The state’s new auto sales regulation was written by the California Air Resources Board (CARB) and introduced to the public via a news conference Wednesday. It will require that all new passenger vehicles reach a zero greenhouse gas emissions target by 2035, effectively requiring California drivers to opt for electric cars (or buy a gas vehicle out of state). Legislators set two deadlines along the way: by 2026, 35 percent of new vehicles must produce zero emissions. In 2030, that number jumps to 68 percent. The regulation leaves a little bit of wiggle room for plug-in hybrids, which can make up a maximum of 20 percent of new car sales after 2035. Eligible hybrids will need to be capable of running at least 50 miles on batteries before using gas. Used car sales will be unaffected.
The regulation is expected to cut California’s greenhouse gas output in half by 2040. Prior to that, it’ll reduce the presence of smog-forming nitrogen oxides by at least 25 percent.
“The climate crisis is solvable if we focus on the big, bold steps necessary to stem the tide of carbon pollution,” Governor Gavin Newsom said Wednesday during the news conference. “California now has a groundbreaking, world-leading plan to achieve 100 percent zero-emission vehicle sales by 2035. It’s ambitious, it’s innovative, it’s the action we must take if we’re serious about leaving this planet better off for future generations.”

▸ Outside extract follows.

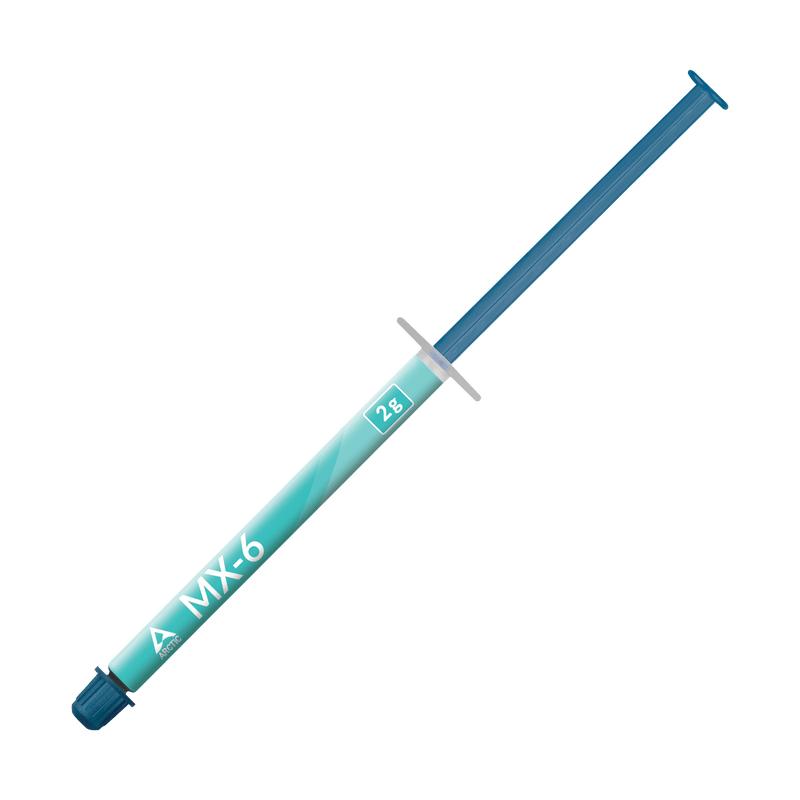 ARCTIC MX - 6 2G THERMAL PASTE ACTCP00079A - SWIFT PERIPHERALS1092235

The final step in cementing the new regulation is to send it to the Environmental Protection Agency (EPA), where it’s expected to be signed without issue. Though California is allowed the unique ability to regulate car sales in a way no other state can, other states, like New York, New Jersey, and Washington, are expected to follow California’s lead as closely as they can.
The restrictions will no doubt have some drivers upset over the loss of their favorite gas-powered models, but if capitalism truly drives innovation (pun not intended), automakers will find a way to bring those fan favorites back to life. In fact, they already are: Last week Dodge announced an all-electric Charger, which is expected to hit dealerships in 2024. Ford, meanwhile, is poised to put out a relatively affordable electric version of the F-150, called the F-150 Lightning; on the other end of the budget spectrum, an electric iteration of the traditionally gas-guzzling Land Rover will hit streets next year.